Fig. 4.

Molecular dynamics (MD) simulation of the interaction between anthricin and proteasome β-ring

(A) MD simulations were performed based on the proteasome's crystal structure (Saccharomyces cerevisiae) complexed with K-7174, a proteasome inhibitor with similar structure to anthricin (PDB ID: 4EU2), by replacing K-7174 with anthricin. The representative complex structure after 200 ns simulation is shown. The β1, β2, and β5 subunits involved in enzyme activity are depicted in ribbons, whereas the other β-subunits are shown in gray lines.
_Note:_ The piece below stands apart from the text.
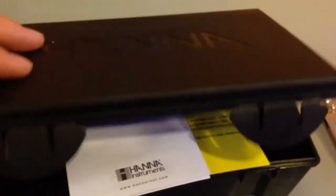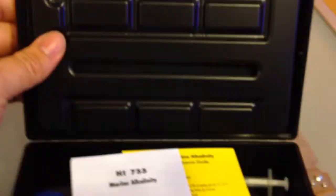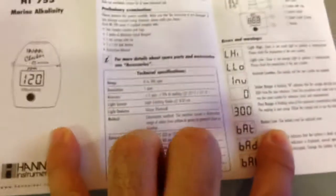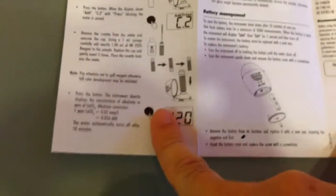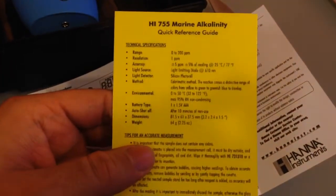What I'm going to do is just read the instructions and figure out the shortcut, so I don't have to read the thing over and over. Then I'll print them out and stick them on the inside of the box. This looks pretty nice. Here's the manual telling you different things. Here's the instrument measurement procedure — instructions for measurement. And here we have this card: 755 Marine Alkalinity.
The three amino acid residues at the catalytic sites (Thr¹, Asp¹⁷, and Lys³³) of the β1, β2, and β5 subunits are shown as light blue spheres, and anthricin is depicted as green spheres. In the close-up view of the anthricin binding site, anthricin is shown as green sticks, whereas the interacting residues of the β1 subunit (Gly⁹⁶, Gly¹²⁸ and Leu¹¹⁵), the β2 subunit (Ala⁴⁶, Tyr⁹⁷, Leu¹²⁷, Gly¹²⁸ and Leu¹³²), the β5 subunit (Tyr⁹⁰, Ala⁹³ and Leu⁹⁵), and the β6 subunit (Tyr⁸⁹ and Phe⁹³) are shown as yellow or orange color sticks. (B) The three bar graphs plot the distances between the side chains of Thr¹, Asp¹⁷, and Lys³³ at the catalytic sites of the β1, β2, and β5 subunits during the 200 ns simulation. The red bars represent the apo form, whereas the green bars represent the proteasome bound with anthricin. (For interpretation of the references to color in this figure legend, the reader is referred to the Web version of this article.)